Data model for audit information containing workflow execution details.

AuditData Structure

from ddeutil.workflow.audits import AuditData
from datetime import datetime

audit_data = AuditData(
    name="data-pipeline",
    release=datetime(2024, 1, 15, 10, 30),
    type="scheduled",
    context={
        "params": {"source_table": "users", "target_env": "prod"},
        "jobs": {"extract": {"status": "SUCCESS"}}
    },
    run_id="workflow-123",
    parent_run_id=None,
    runs_metadata={"execution_time": "300s", "memory_usage": "512MB"}
)

File-based Audits

FileAudit

File-based audit implementation that persists audit logs to the local filesystem in JSON format.

File Audit Usage

from ddeutil.workflow.audits import FileAudit, AuditData
from datetime import datetime

# Create file audit instance
audit = FileAudit(
    type="file",
    path="./audits",
    extras={"enable_write_audit": True}
)

# Create audit data
data = AuditData(
    name="data-pipeline",
    release=datetime(2024, 1, 15, 10, 30),
    type="scheduled",
    context={
        "params": {"source_table": "users", "target_env": "prod"},
        "jobs": {"extract": {"status": "SUCCESS"}}
    },
    run_id="workflow-123",
    parent_run_id=None,
    runs_metadata={"execution_time": "300s"}
)

# Save audit log
audit.save(data)

# Log is saved to:
# ./audits/workflow=data-pipeline/release=20240115103000/workflow-123.log

Audit File Structure

audits/
├── workflow=data-pipeline/
│   ├── release=20240115103000/
│   │   ├── workflow-123.log
│   │   └── workflow-124.log
│   └── release=20240116080000/
│       └── workflow-125.log
└── workflow=etl-process/
    └── release=20240115120000/
        └── workflow-126.log

Finding Audits

The FileAudit class provides utilities to search and retrieve audit logs.

Audit Discovery

from ddeutil.workflow.audits import FileAudit

audit = FileAudit(type="file", path="./audits")

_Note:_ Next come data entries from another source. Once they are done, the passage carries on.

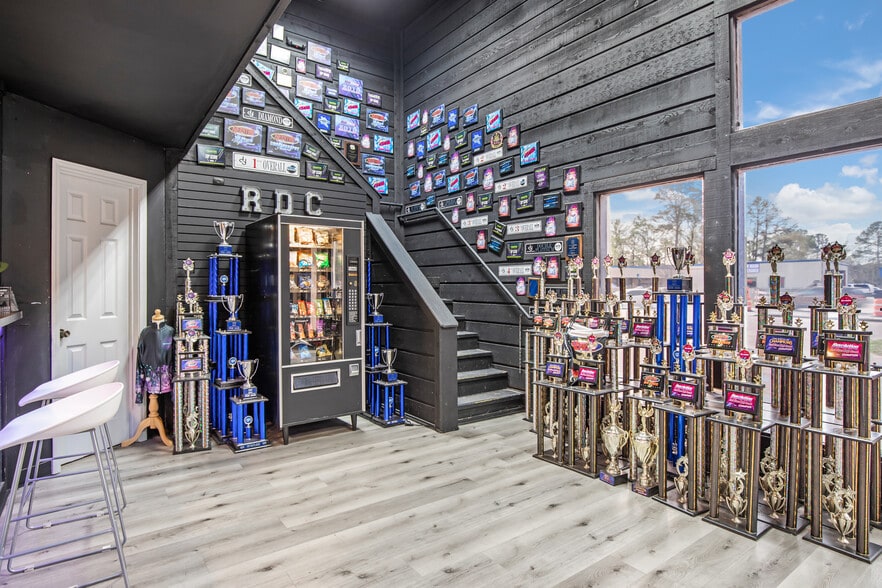 More Photos Of 1725 Northpark Dr, Kingwood Auto Repair For Sale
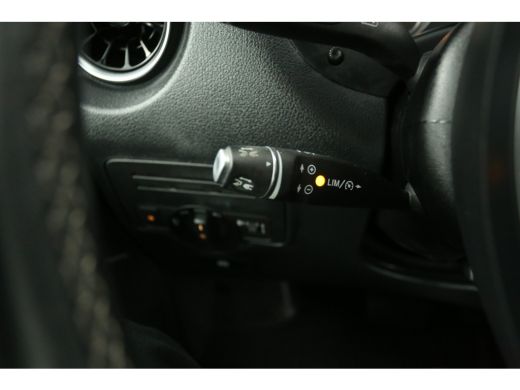 Mercedes Vito 114 CDI Lang Automaat Airco Camera Cruise Carplay Navi Trekhaak 18''LMV Leder 3 Persoons Stoelverw. ActivLease financial lease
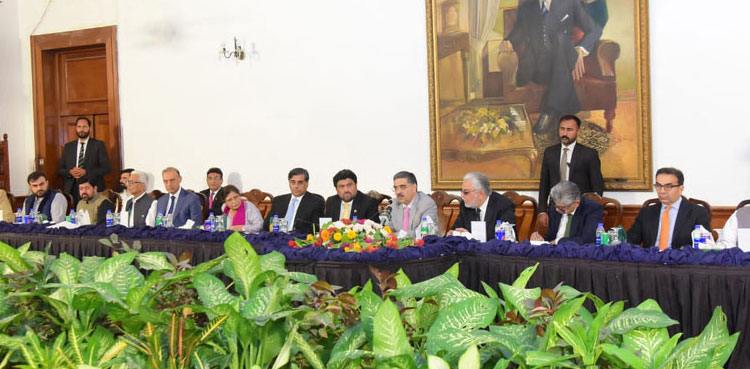 Caretaker PM Kakar assures businessmen of addressing concerns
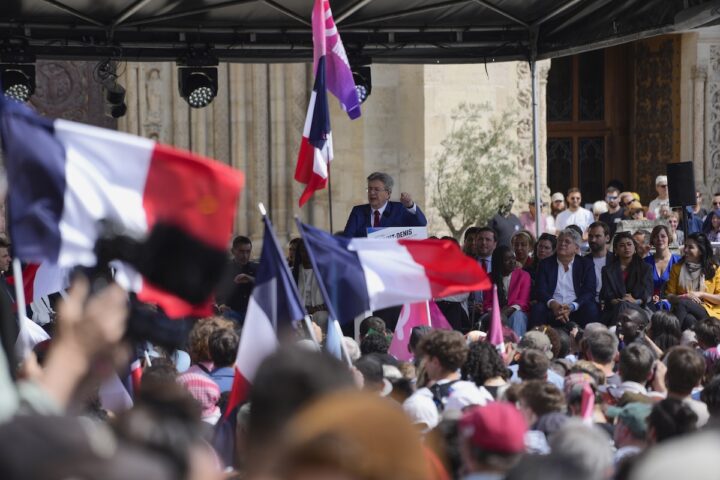 La sinistra francese si divide in vista delle elezioni presidenziali del 18 aprile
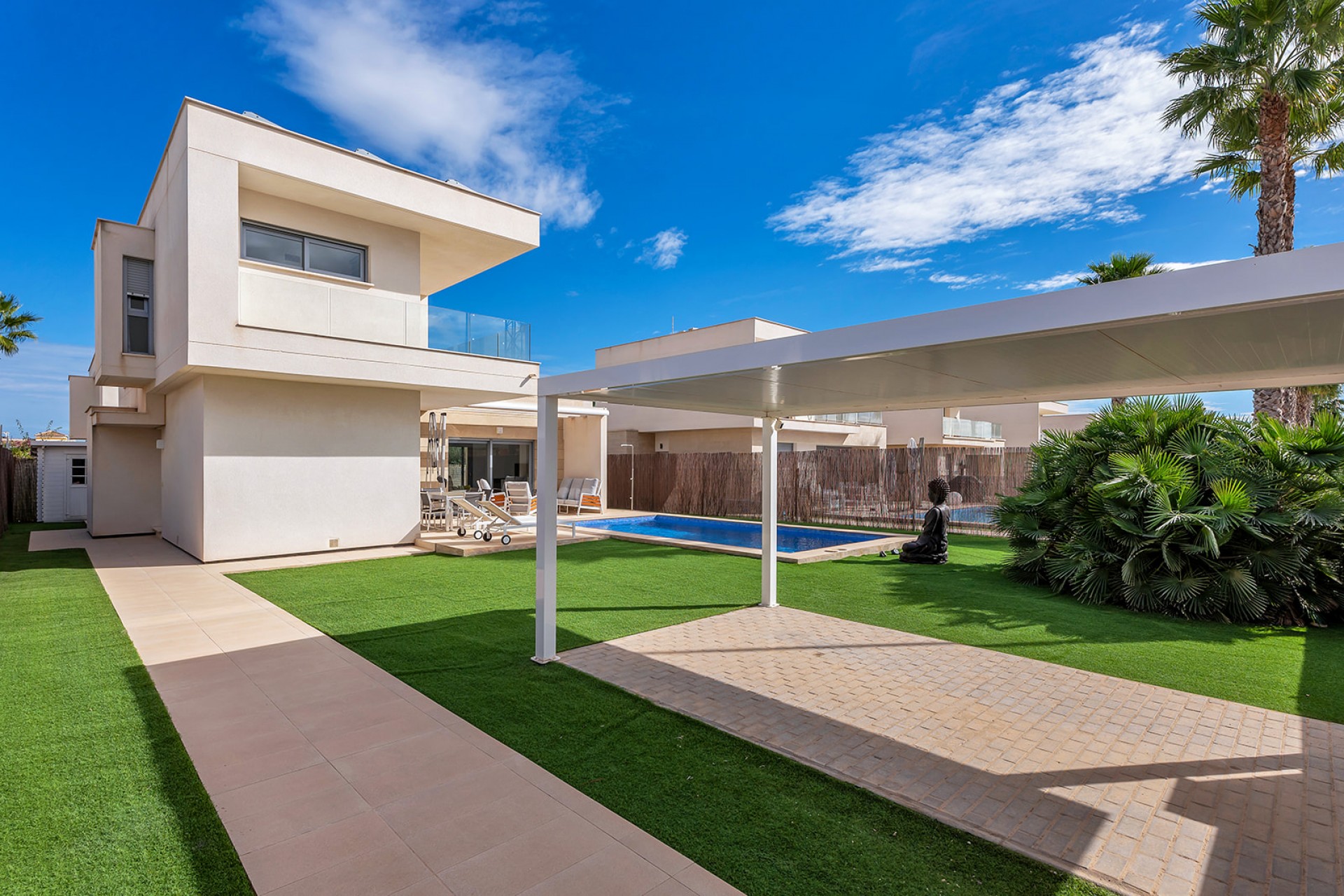 Resale - Villa -
Orihuela - Inland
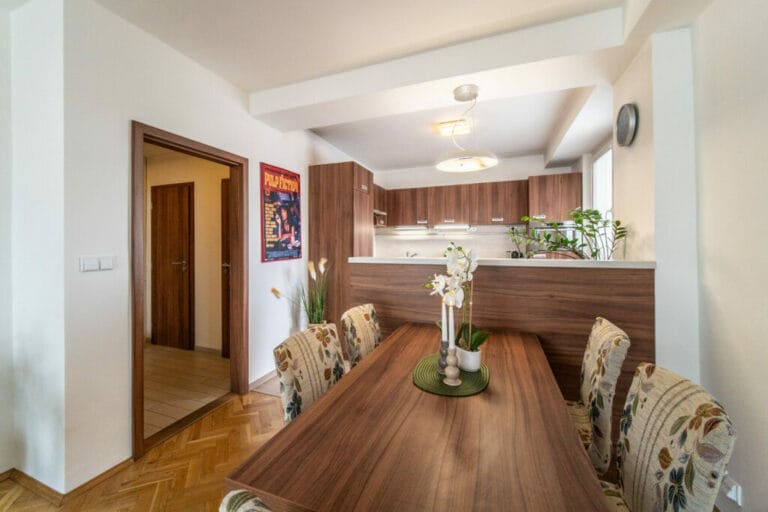 šárka sabová realitní makléř koupě nemovitosti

# Find all audits for a workflow
for audit_data in audit.find_audits("data-pipeline"):
    print(f"Release: {audit_data.release}")
    print(f"Run ID: {audit_data.run_id}")
    print(f"Type: {audit_data.type}")
    print(f"Context: {audit_data.context}")

# Find specific audit by release
audit_data = audit.find_audit_with_release(
    name="data-pipeline",
    release=datetime(2024, 1, 15, 10, 30)
)

# Check if audit exists for specific release
exists = audit.is_pointed(
    data=audit_data
)

Audit Log Format

Each audit log is stored as JSON with the following structure:

Audit Log Content

{
  "name": "data-pipeline",
  "release": "2024-01-15T10:30:00",
  "type": "scheduled",
  "context": {
    "params": {
      "source_table": "users",
      "target_env": "prod"
    },
    "jobs": {
      "extract": {
        "status": "SUCCESS",
        "start_time": "2024-01-15T10:30:05",
        "end_time": "2024-01-15T10:35:12"
      },
      "transform": {
        "status": "SUCCESS",
        "start_time": "2024-01-15T10:35:15",
        "end_time": "2024-01-15T10:40:22"
      }
    }
  },
  "parent_run_id": null,
  "run_id": "workflow-123",
  "runs_metadata": {
    "execution_time": "300s",
    "memory_usage": "512MB",
    "cpu_usage": "45%"
  }
}

Cleanup Functionality

The FileAudit class provides cleanup functionality for old audit files:

Audit Cleanup

from ddeutil.workflow.audits import FileAudit

audit = FileAudit(type="file", path="./audits")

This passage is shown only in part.